PKK oppression on Kurdish politicians in Syria surpasses Assad, Kurdish National Council official says


Xalid Eli, an official from the Syrian-based political organization Kurdish National Council, said Sunday that PKK's tyranny has surpassed that of Syrian leader Bashar Assad and he added that Kurdish politicians have been terrorized by the militant group.

"Our friends put in jail by the PKK were people that had worked in politics for a long time. They are the people working for the freedom of the Kurdish people," Eli said.

"Assad sent the PKK to fight us in order to destroy Kurdish political parties. The regime has put pressure on Kurds in Rojava by cooperating with the PKK and the pressure still persists," he added.

Saying that the PKK is a "baton in the regime's hands," Xalid Eli added, "The PKK is not on the side of the Kurds. Even Bashar Assad or his father did not harm us as much as the PKK. The Assad regime could not have changed the demographics of Rojava as much as the PKK did."

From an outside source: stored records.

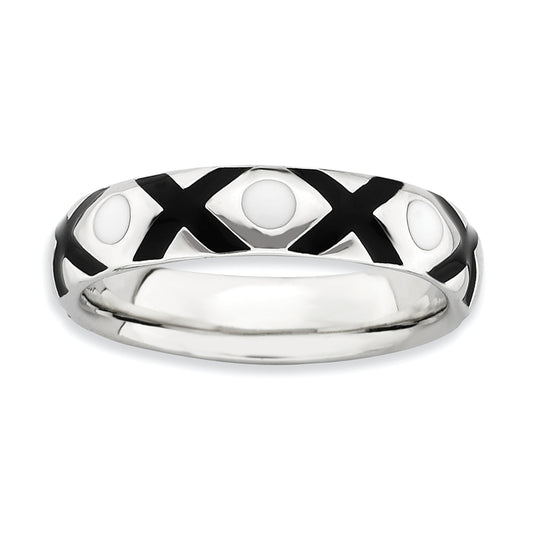 Sterling Silver Stackable Expressions Polished Black/White Enameled Ring (Size 10 Only)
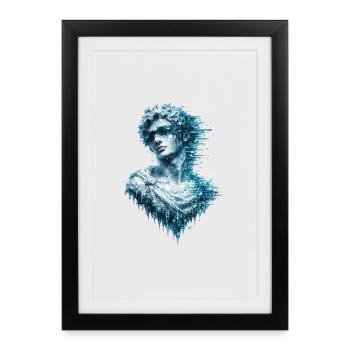 Busto classico in glitch ghiaccio - Framed poster (27 × 37 cm) - black - Front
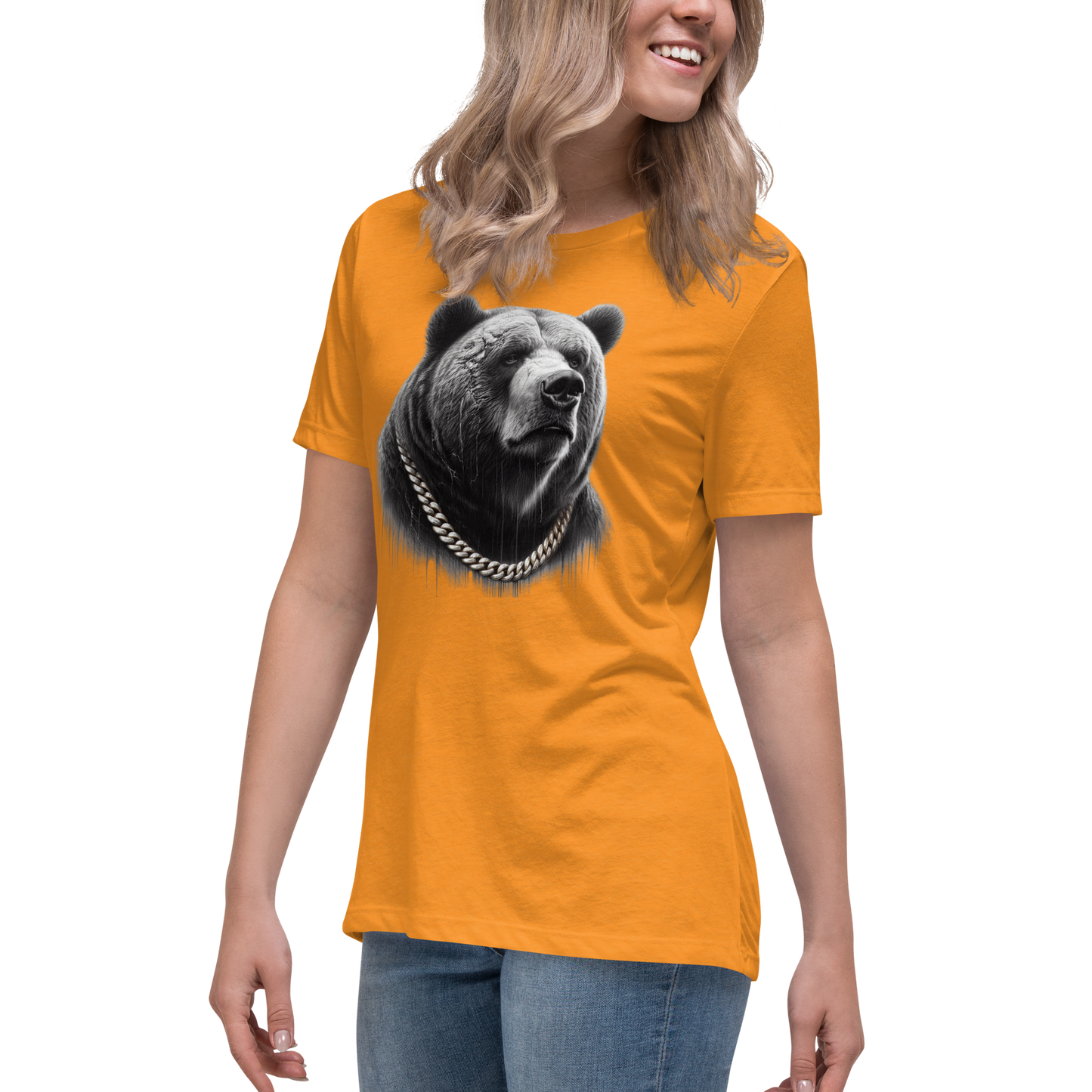 Women's Relaxed T-Shirt, Cali Grizzly Bear 2.0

Turkey, the U.S., EU and many other countries officially recognize the PKK as a terrorist organization.

PYD militants last week set fire to a Kurdistan KNC office in the town of Amuda in Hasakah province, northern Syria, Anadolu Agency (AA) reported on March 11.

According to Syria Kurdistan Democratic Party (SKDP) Council Member Nuri Brimo, armed PYD militants raided the SKDP office in Amuda in the early morning hours before setting it on fire.

"After the PKK's attack on peshmerga forces in Sinjar [northern Iraq], the oppression of the KNC has intensified in Rojava," Brimo said.

KNC representative in the Kurdistan Regional Government (KRG) in northern Iraq, Khalid Ali, said last week that the PYD had also kidnapped 62 KNC members and was holding them in an unknown location.

Meanwhile, Eziz Weysi, commander of the Zerewani peshmergas, told AA in a recent interview that the YPG is a tool used to bash political powers that do not comply with the PYD. "The current authority in Rojava [the YPG], unfortunately works as a baton for a political authority to bring other political powers into line," he said.

Slamming the PYD's notion that the region belongs to them because of the blood they have put into it, Weysi said the peshmerga would be where the YPG is now if they had been allowed.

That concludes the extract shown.